TASK DIRECTIONS =>
Output the listing below verbatim, without images.

SUPPLIED INFORMATION =>
● ● ● ● ● ● ●

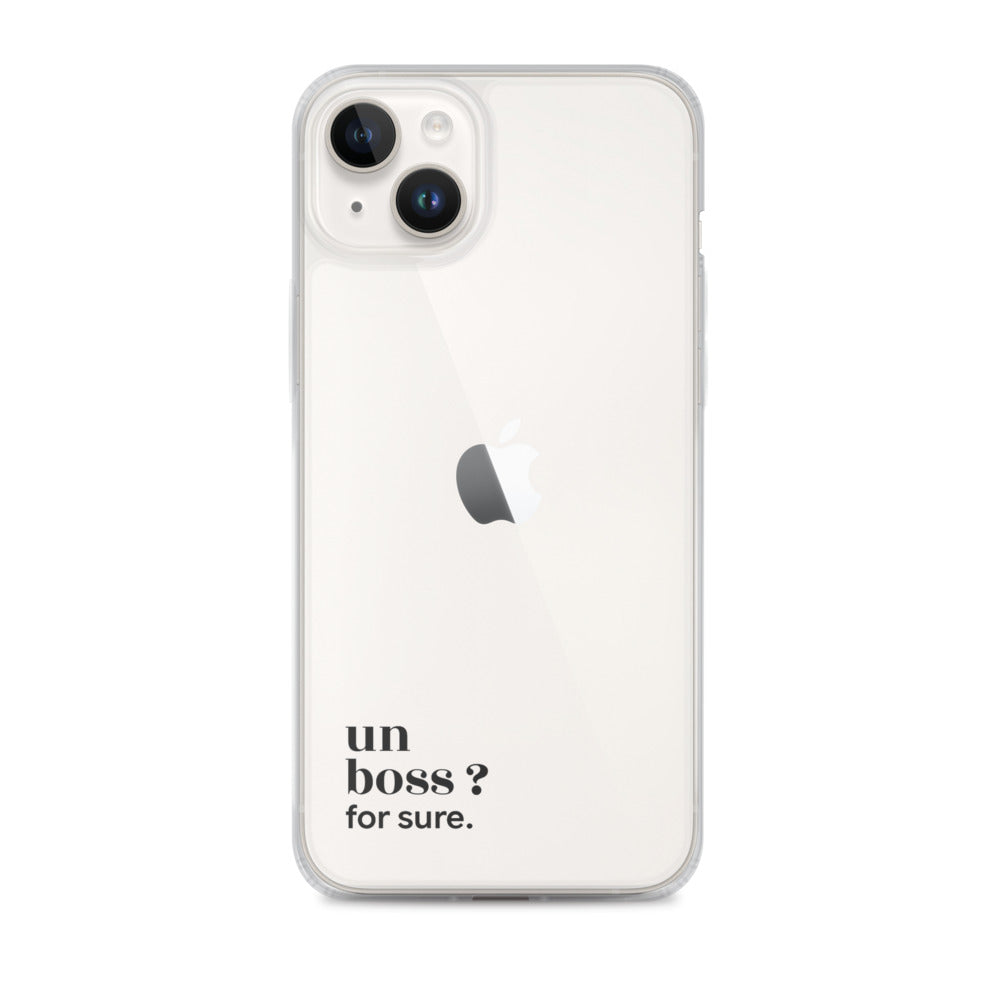 Coque iPhone 14 Plus, texte noir : « un boss ? for sure. »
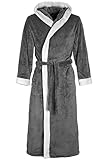 Di Ficchiano Unisex Herren Damen Bademantel mit Kapuze I Morgenmantel flauschig I Nachtwäsche aus edler Mikrofaser I Kimono Farbe: Grey/lightgrey, Gr. XXS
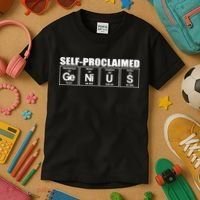 Self Proclaimed Genius Funny Gift Kids T-Shirt thumb 3
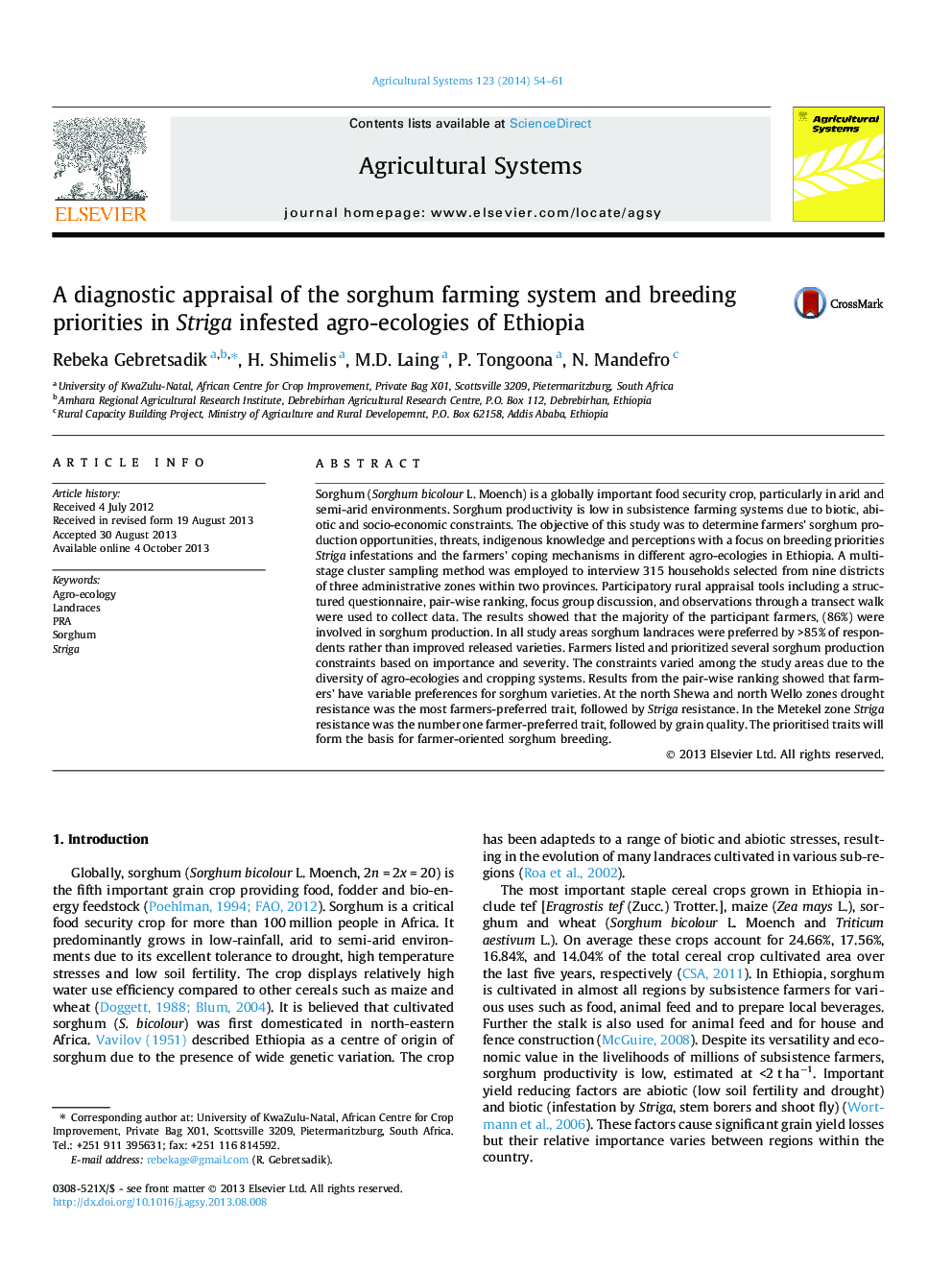 A diagnostic appraisal of the sorghum farming system and breeding priorities in Striga infested agro-ecologies of Ethiopia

● ● ● ● ● ● ●

TASK SOLUTION =>
 Coque iPhone 14 Plus, texte noir : « un boss ? for sure. »
 Di Ficchiano Unisex Herren Damen Bademantel mit Kapuze I Morgenmantel flauschig I Nachtwäsche aus edler Mikrofaser I Kimono Farbe: Grey/lightgrey, Gr. XXS
 Self Proclaimed Genius Funny Gift Kids T-Shirt thumb 3
 A diagnostic appraisal of the sorghum farming system and breeding priorities in Striga infested agro-ecologies of Ethiopia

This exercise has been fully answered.